• _Problem requirements_
Return each line of the listing exactly as written.

• _Source information_
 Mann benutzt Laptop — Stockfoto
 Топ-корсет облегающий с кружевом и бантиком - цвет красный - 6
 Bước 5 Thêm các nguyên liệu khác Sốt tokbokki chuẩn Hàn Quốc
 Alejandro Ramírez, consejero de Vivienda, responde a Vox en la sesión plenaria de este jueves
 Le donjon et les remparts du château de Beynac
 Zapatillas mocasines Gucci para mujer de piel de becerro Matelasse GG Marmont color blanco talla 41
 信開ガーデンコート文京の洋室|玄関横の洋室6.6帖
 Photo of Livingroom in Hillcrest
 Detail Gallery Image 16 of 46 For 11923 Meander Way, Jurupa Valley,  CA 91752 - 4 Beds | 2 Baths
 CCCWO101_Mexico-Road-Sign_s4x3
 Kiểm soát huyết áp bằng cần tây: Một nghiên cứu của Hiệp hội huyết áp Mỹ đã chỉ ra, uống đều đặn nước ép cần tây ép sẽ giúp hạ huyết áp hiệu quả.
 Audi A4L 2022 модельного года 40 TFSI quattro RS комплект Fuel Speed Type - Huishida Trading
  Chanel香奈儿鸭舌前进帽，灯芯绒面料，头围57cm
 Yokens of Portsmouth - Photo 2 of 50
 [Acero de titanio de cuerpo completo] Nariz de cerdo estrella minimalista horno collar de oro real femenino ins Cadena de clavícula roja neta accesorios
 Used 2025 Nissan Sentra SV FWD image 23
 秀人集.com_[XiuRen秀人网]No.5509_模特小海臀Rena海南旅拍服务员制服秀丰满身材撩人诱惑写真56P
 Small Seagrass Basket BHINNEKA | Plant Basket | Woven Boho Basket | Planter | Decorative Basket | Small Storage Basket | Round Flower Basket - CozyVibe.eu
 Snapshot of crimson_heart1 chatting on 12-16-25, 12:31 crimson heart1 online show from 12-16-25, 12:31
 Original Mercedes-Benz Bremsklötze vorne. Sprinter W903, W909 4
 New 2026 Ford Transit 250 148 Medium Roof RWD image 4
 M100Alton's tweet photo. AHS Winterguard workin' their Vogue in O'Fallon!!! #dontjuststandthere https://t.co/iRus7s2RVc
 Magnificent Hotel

• _Output of the task_
 Mann benutzt Laptop — Stockfoto
 Топ-корсет облегающий с кружевом и бантиком - цвет красный - 6
 Bước 5 Thêm các nguyên liệu khác Sốt tokbokki chuẩn Hàn Quốc
 Alejandro Ramírez, consejero de Vivienda, responde a Vox en la sesión plenaria de este jueves
 Le donjon et les remparts du château de Beynac
 Zapatillas mocasines Gucci para mujer de piel de becerro Matelasse GG Marmont color blanco talla 41
 信開ガーデンコート文京の洋室|玄関横の洋室6.6帖
 Photo of Livingroom in Hillcrest
 Detail Gallery Image 16 of 46 For 11923 Meander Way, Jurupa Valley,  CA 91752 - 4 Beds | 2 Baths
 CCCWO101_Mexico-Road-Sign_s4x3
 Kiểm soát huyết áp bằng cần tây: Một nghiên cứu của Hiệp hội huyết áp Mỹ đã chỉ ra, uống đều đặn nước ép cần tây ép sẽ giúp hạ huyết áp hiệu quả.
 Audi A4L 2022 модельного года 40 TFSI quattro RS комплект Fuel Speed Type - Huishida Trading
  Chanel香奈儿鸭舌前进帽，灯芯绒面料，头围57cm
 Yokens of Portsmouth - Photo 2 of 50
 [Acero de titanio de cuerpo completo] Nariz de cerdo estrella minimalista horno collar de oro real femenino ins Cadena de clavícula roja neta accesorios
 Used 2025 Nissan Sentra SV FWD image 23
 秀人集.com_[XiuRen秀人网]No.5509_模特小海臀Rena海南旅拍服务员制服秀丰满身材撩人诱惑写真56P
 Small Seagrass Basket BHINNEKA | Plant Basket | Woven Boho Basket | Planter | Decorative Basket | Small Storage Basket | Round Flower Basket - CozyVibe.eu
 Snapshot of crimson_heart1 chatting on 12-16-25, 12:31 crimson heart1 online show from 12-16-25, 12:31
 Original Mercedes-Benz Bremsklötze vorne. Sprinter W903, W909 4
 New 2026 Ford Transit 250 148 Medium Roof RWD image 4
 M100Alton's tweet photo. AHS Winterguard workin' their Vogue in O'Fallon!!! #dontjuststandthere https://t.co/iRus7s2RVc
 Magnificent Hotel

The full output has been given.